Exercise input below:

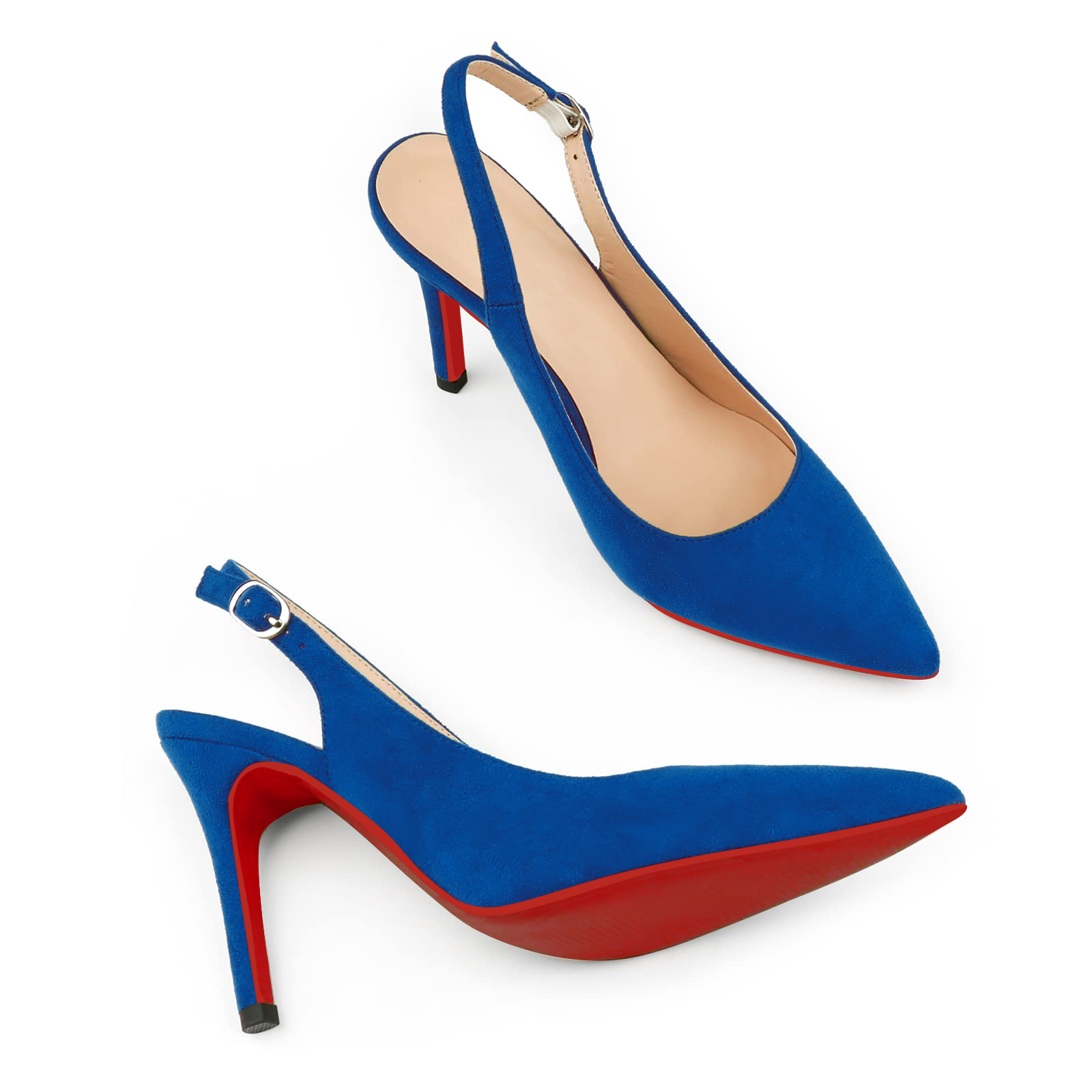 90mm Mid Heels for Women Slingback Pumps Sandals Pointed Toe Pumps Red Bottoms Suede Shoes-MERUMOTE
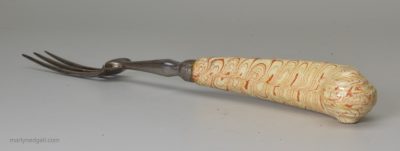 Agate ware fork, circa 1760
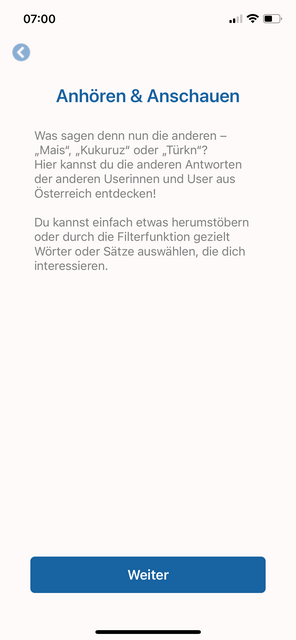 Unser App-Tipp der Woche OeDA ist die österreichische Dialektapp zum Mitmachen. Mit dieser Sprachapp kann der eigene Dialekt genauer betrachtet und mit anderen verglichen werden.  | Foto: Screenshot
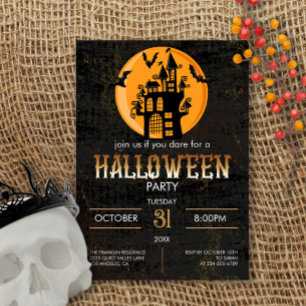 Convites Festa de Halloween do Castelo de Scary Voando Bats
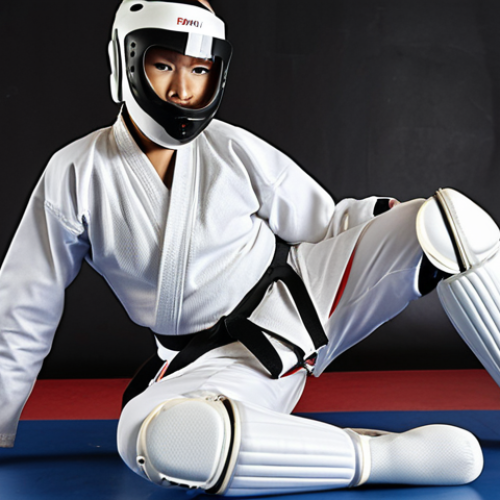Home 22 ** Taekwondo athlete wearing full protective gear (helmet, mouthguard, chest guard, shin guards, groin guard) demonstrating a proper kicking technique. Focus on safety and correct form.
**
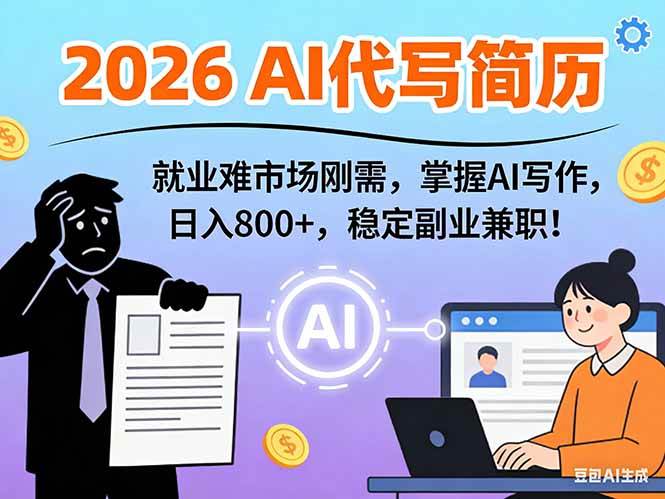（17119期）AI代写简历，超暴利，用万能模板月入1-3万实战教程，2026年市场刚需！-九才资源网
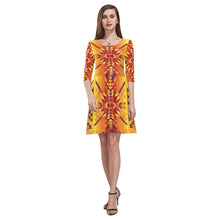 Load image into Gallery viewer, Desert Geo Yellow Red Tethys Half-Sleeve Skater Dress(Model D20) Tethys Half-Sleeve Skater Dress (D20) e-joyer 
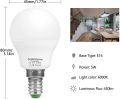 DORESshop E14 Dimmable LED Bulb, 5W P45 Small Edison Screw Bulbs(SES) Golf Ball Bulbs, 40W Incandescent Equivalent, 6000K(Daylight White),450LM, Not Suitable for 3-Way Dimmable Lamps, 4-Pack  [Energy Class A+].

End of Exercise input.

** What you need to do **
The data above should be set down again exactly, with the pictures omitted.

** Result of the task **
 90mm Mid Heels for Women Slingback Pumps Sandals Pointed Toe Pumps Red Bottoms Suede Shoes-MERUMOTE
 Agate ware fork, circa 1760
 Unser App-Tipp der Woche OeDA ist die österreichische Dialektapp zum Mitmachen. Mit dieser Sprachapp kann der eigene Dialekt genauer betrachtet und mit anderen verglichen werden.  | Foto: Screenshot
 Convites Festa de Halloween do Castelo de Scary Voando Bats
Home 22 ** Taekwondo athlete wearing full protective gear (helmet, mouthguard, chest guard, shin guards, groin guard) demonstrating a proper kicking technique. Focus on safety and correct form.
**
（17119期）AI代写简历，超暴利，用万能模板月入1-3万实战教程，2026年市场刚需！-九才资源网
 Load image into Gallery viewer, Desert Geo Yellow Red Tethys Half-Sleeve Skater Dress(Model D20) Tethys Half-Sleeve Skater Dress (D20) e-joyer 
 DORESshop E14 Dimmable LED Bulb, 5W P45 Small Edison Screw Bulbs(SES) Golf Ball Bulbs, 40W Incandescent Equivalent, 6000K(Daylight White),450LM, Not Suitable for 3-Way Dimmable Lamps, 4-Pack  [Energy Class A+].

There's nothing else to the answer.